According to the National Trust:

Named for its owners, a successful German-American family in Meridian, the building was admired for its decorative polychrome terra cotta and granite exterior and lavish interior details, including marble flooring and wainscoting, cast-plaster walls and ceilings, and etched bronze elevator doors.

. . . .

In the last several years, the building has experienced significant deterioration. Terra-cotta tiles are falling off the facade, water is infiltrating in several locations and windows are in poor shape. Without immediate action, portions of the masonry are at risk of falling into pedestrian and vehicular traffic.
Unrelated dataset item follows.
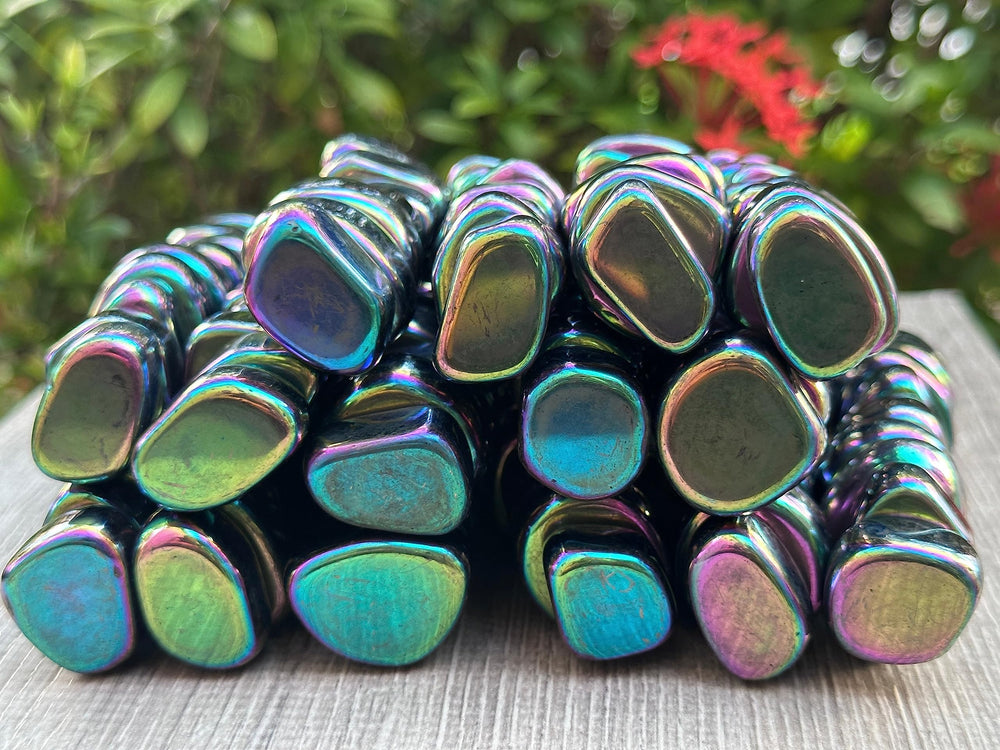 GAF Treasures Rainbow Magnetic Hematite stones display shifting hues for visual mindfulness.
Even though a developer expressed interest in the building, the City of Meridian was unable to provide funds for gap financing or other incentives – and now locals fear that the City Council will attempt to remove the building from the Mississippi Landmark List in order to pave the way for its demolition.

You can read all about it in today’s Clarion-Ledger (interestingly I didn’t see anything on the Meridian Star site) and more at the National Trust site.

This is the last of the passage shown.